As I’ve reported, Negotiation 101 tells us that a good negotiator gets the other side to “buy” something your own side doesn’t care all that much about. You keep two issues open and trade them off at the end.
Boehner did have something going for him: a completely incompetent White House. The errors include never having an alternative short-term continuing resolution on the table (letting the GOP’s short-term CR be the only “stop the shutdown” document out there for two days); not stepping in to signal that the troops would be paid in some fashion; issuing an incomprehensible veto threat with no alternative; overestimating Boehner’s need to get the Planned Parenthood rider; and underestimating Boehner’s ability to make this about the most popular issue (cutting the deficit). These major White House errors compounded the error of never getting a 2011 budget done when there were large Democratic majorities in the House and the Senate.
By contrast, Boehner kept his caucus with him, beginning with a productive Monday meeting with his members. He didn’t flinch when the veto threat came. (Informed sources say that was not expected.) He kept both the rider and the cuts open to the very end and persuaded Reid to overvalue the Planned Parenthood rider.
Boehner is now the most powerful and effective leader in Congress, maybe in Washington.
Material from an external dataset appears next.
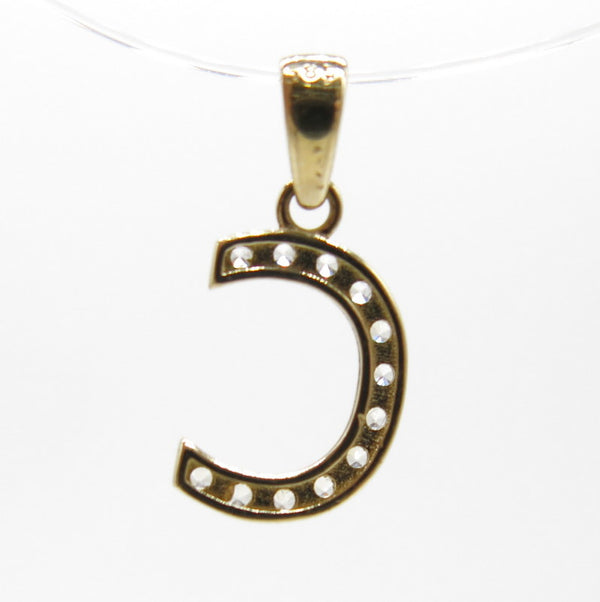 585/-er Gold - " C " Buchstabe Anhänger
His power will increase immensely. We know who knows how to make a deal at the end (Rep. Michele Bachmann, Sen. Tom Coburn and others supported Boehner publicly when it mattered.) Sen. Jim DeMint showed why he is a Tea Party favorite but is ineffective in the Senate (i.e., staking out the most extreme position and not knowing how to close a deal).
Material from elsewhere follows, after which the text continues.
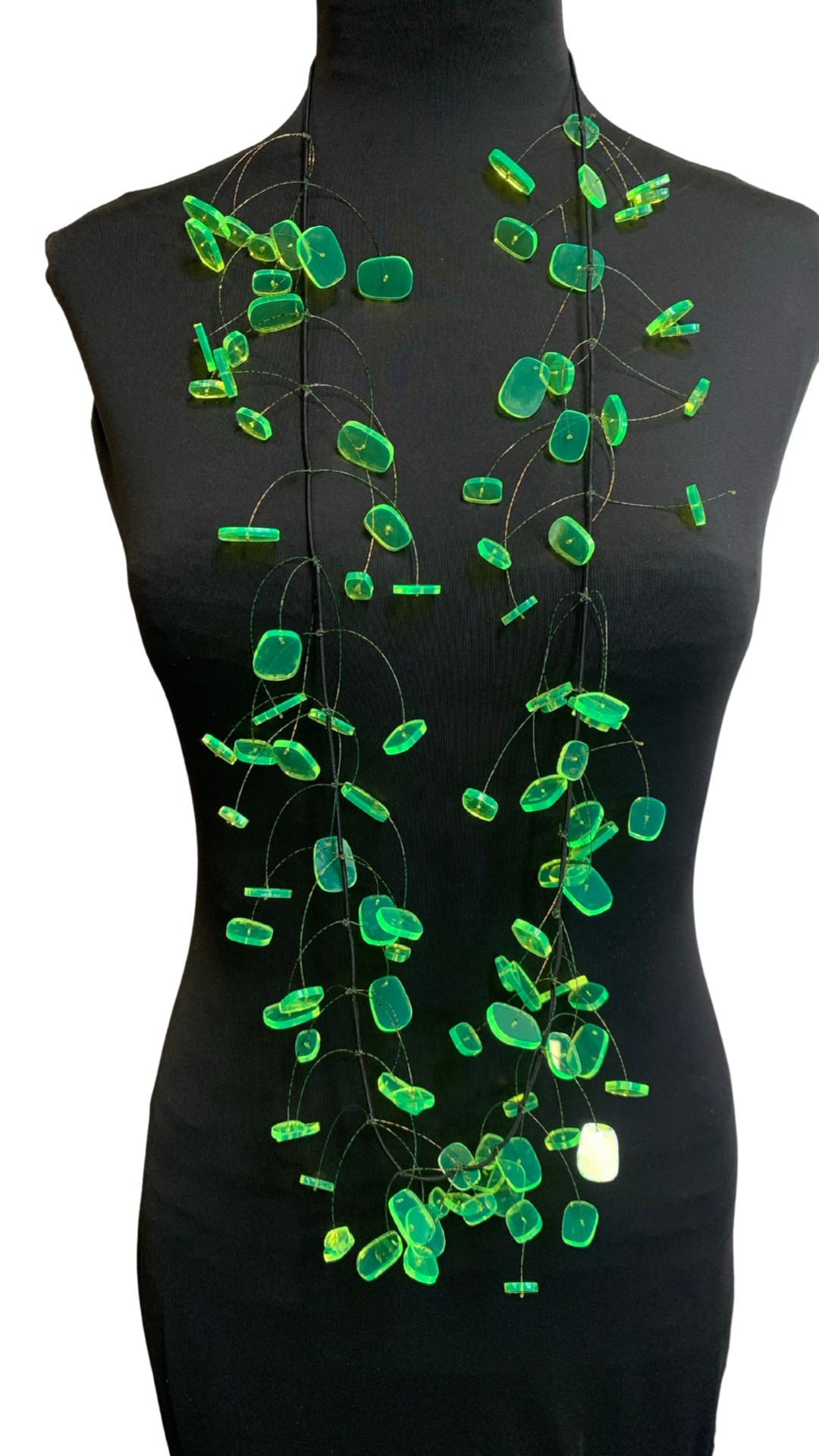 Lucite Kinetics Necklace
I imagine the Democratic base will be enraged, and liberals should be. They control the Senate and the White House and gave away the store. It doesn’t augur well for them in 2012 budget negotiations, does it?
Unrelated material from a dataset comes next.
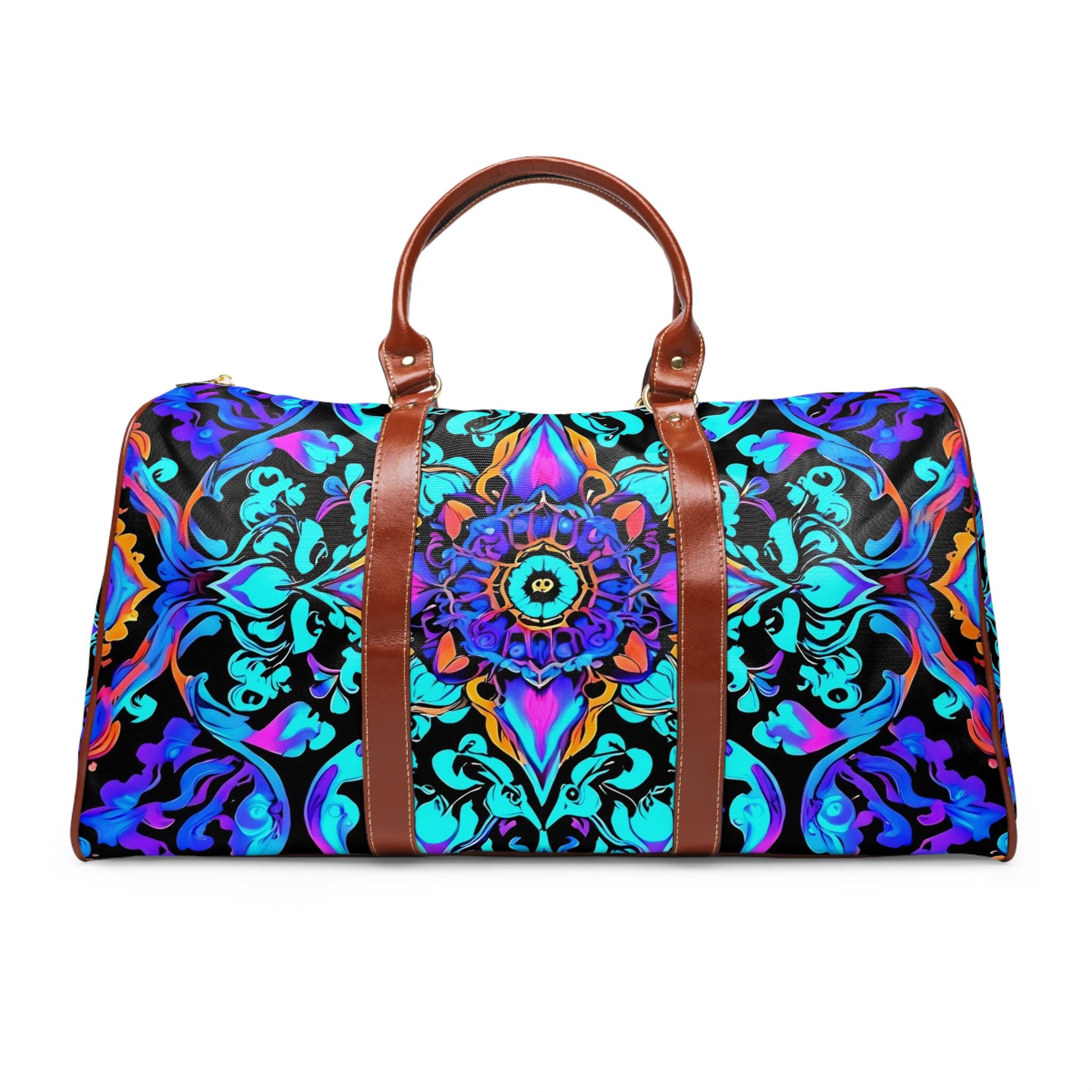 Purple F - Waterproof Travel Bag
UPDATE (11:30 p.m.): A joint statement from the Senate majoirty leader and the speaker of the house on the deal: ““We have agreed to an historic amount of cuts for the remainder of this fiscal year, as well as a short-term bridge that will give us time to avoid a shutdown while we get that agreement through both houses and to the President. We will cut $78.5 billion below the President’s 2011 budget proposal, and we have reached an agreement on the policy riders. In the meantime, we will pass a short-term resolution to keep the government running through Thursday. That short-term bridge will cut the first $2 billion of the total savings.” Plus, the rider preventing D.C. funds for abortiona remained in the deal. Sen. Harry Reid (D-Nev.) will also bring votes to the Senate floor on Planned Parenthood funding and on defunding ObamaCare. If this isn’t a rout I don’t know what is.